# A Song of Vice and Higher: Characterizing Presidential Nominees through Game of Thrones

## Prepare to access Reddit's API 

We got the hang of using Reddit's API by following [Shropshire's article](https://towardsdatascience.com/exploring-reddits-ask-me-anything-using-the-praw-api-wrapper-129cf64c5d65).

1.  Install or Update PRAW in your Terminal.

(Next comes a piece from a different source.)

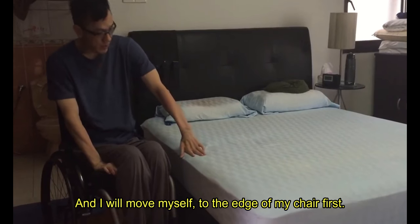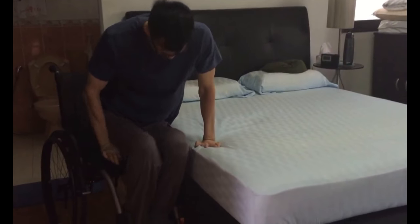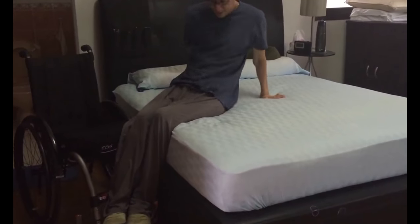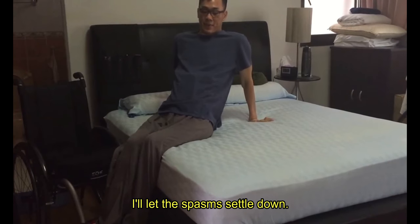I will move myself to the edge of my chair first, placing one arm on the bed and the other on the seat of the wheelchair. Lifting himself onto the bed. I will let the spasm settle down.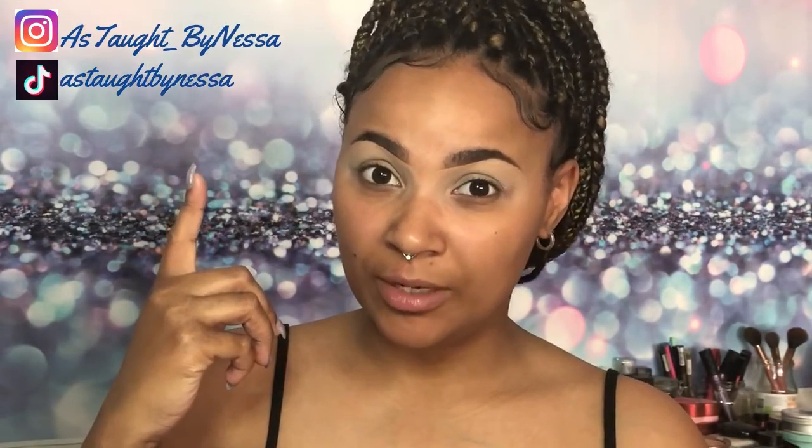Hi you guys, welcome back to my channel. For everybody who's new here, my name is Vanessa, I'm 24 years old and I do makeup as a hobby on YouTube and Instagram. Follow me — it's a really fun time.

2. Create and/or Login to Your Reddit Account to begin Authenticating via OAuth

### Import Necessary Libraries

In [21]:
import os             # file system stuff
import json           # digest json
import praw           # reddit API
import pandas as pd   # Dataframes
import pymongo        # MongoDB
import helper     # Custom helper functions

### Load the API keys

3. Create your first authorized Reddit instance.

In [22]:
# Define path to secret
secret_path = os.path.join(os.environ['HOME'], 'mia/.secret', 'reddit_api.json')

In [23]:
keys = helper.get_keys(secret_path)

In [24]:
reddit = praw.Reddit(client_id=keys['client_id'] 
                     ,client_secret=keys['api_key']
                     ,username=keys['username']
                     ,password=keys['password']
                     ,user_agent='reddit_research accessAPI:v0.0.1 (by /u/FlatDubs)')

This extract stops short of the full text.